• [Problem requirements]
Give back, word for word, the lines in the listing below from the one holding "新品 24.5cm ニューバランス ゴルフシューズ UGS574C3 GRAY" down to the one holding "Earth and Planetary", both ends included.

• [Recorded information]
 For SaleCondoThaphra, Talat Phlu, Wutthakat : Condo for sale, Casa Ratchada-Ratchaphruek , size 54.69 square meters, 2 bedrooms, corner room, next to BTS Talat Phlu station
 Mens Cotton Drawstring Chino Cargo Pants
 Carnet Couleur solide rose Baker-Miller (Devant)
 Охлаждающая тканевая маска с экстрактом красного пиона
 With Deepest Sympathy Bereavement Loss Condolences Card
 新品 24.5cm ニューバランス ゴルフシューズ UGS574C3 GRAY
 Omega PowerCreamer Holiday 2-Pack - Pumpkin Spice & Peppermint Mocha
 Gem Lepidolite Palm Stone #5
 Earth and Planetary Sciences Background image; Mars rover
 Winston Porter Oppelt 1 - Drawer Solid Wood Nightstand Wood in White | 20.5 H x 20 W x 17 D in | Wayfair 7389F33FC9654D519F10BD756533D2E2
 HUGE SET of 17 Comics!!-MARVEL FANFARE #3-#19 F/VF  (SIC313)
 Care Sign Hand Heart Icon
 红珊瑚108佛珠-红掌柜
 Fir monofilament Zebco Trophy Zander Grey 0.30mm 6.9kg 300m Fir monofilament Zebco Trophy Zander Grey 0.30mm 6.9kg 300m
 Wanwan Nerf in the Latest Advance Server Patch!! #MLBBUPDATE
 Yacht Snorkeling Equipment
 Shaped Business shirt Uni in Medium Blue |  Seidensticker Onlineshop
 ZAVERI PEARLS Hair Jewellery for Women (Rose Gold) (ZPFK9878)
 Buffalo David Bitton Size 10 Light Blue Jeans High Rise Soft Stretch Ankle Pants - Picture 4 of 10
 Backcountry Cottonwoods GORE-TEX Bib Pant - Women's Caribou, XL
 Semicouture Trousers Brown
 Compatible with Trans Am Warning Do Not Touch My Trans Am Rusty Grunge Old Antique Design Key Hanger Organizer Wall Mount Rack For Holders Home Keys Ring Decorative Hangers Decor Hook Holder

• [Answer below]
 新品 24.5cm ニューバランス ゴルフシューズ UGS574C3 GRAY
 Omega PowerCreamer Holiday 2-Pack - Pumpkin Spice & Peppermint Mocha
 Gem Lepidolite Palm Stone #5
 Earth and Planetary Sciences Background image; Mars rover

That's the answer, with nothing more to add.